In [63]:
#As always, we import everything
import pandas as pd
import numpy as np 

import os
import re

import seaborn as sns

import sklearn

from sklearn.feature_extraction.text import TfidfVectorizer
from sklearn.feature_selection import chi2

from sklearn.metrics import confusion_matrix
from sklearn import metrics

from sklearn import svm
from sklearn.svm import LinearSVC
from sklearn.linear_model import LogisticRegression
from sklearn.ensemble import RandomForestClassifier
from sklearn.model_selection import cross_val_score
from sklearn.naive_bayes import MultinomialNB

import warnings
warnings.filterwarnings('ignore')

In [2]:
data_dir = './' + 'data'

# README

In [64]:
# Load the dataframes

year_artist_name_title_genre = pd.read_csv(os.path.join(data_dir + "/year_artist_name_title_genre.csv")).set_index('track_id')

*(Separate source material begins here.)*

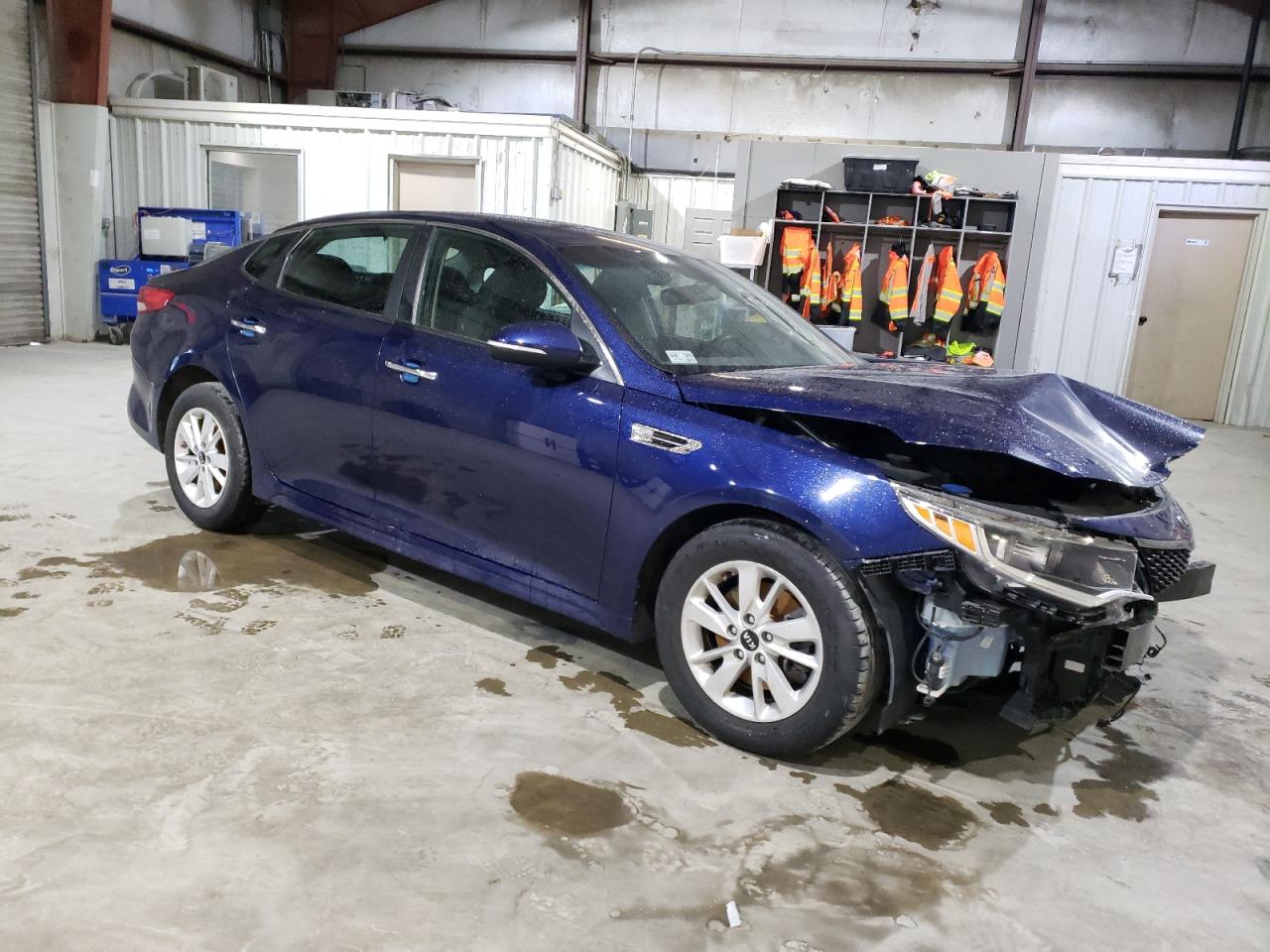 2018 KIA Optima VIN 5XXGT4L34JG224620 Copart auction photo, front end damage thumbnail 4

train_lyrics_dataframe = pd.read_csv(data_dir + '/train_lyrics.csv').drop('Unnamed: 0', axis = 1)
msd_lyrics_dataframe = pd.read_csv(data_dir + '/msd_lyrics.csv').drop('Unnamed: 0', axis = 1)

msd_lyrics = msd_lyrics_dataframe['Lyrics']

train_lyrics = train_lyrics_dataframe['Lyrics']

frames = [train_lyrics, msd_lyrics]

final_lyrics = pd.concat(frames).reset_index().drop('index', axis = 1)

In [62]:
def label_lyrics (row):
    if row['labels'] == 1 :
        return 'Feminist'
    elif row['labels'] == 0:
        return 'Neutral'
    else :
        return 'Sexist'


train_lyrics_dataframe['Category'] = train_lyrics_dataframe.apply(label_lyrics, axis=1)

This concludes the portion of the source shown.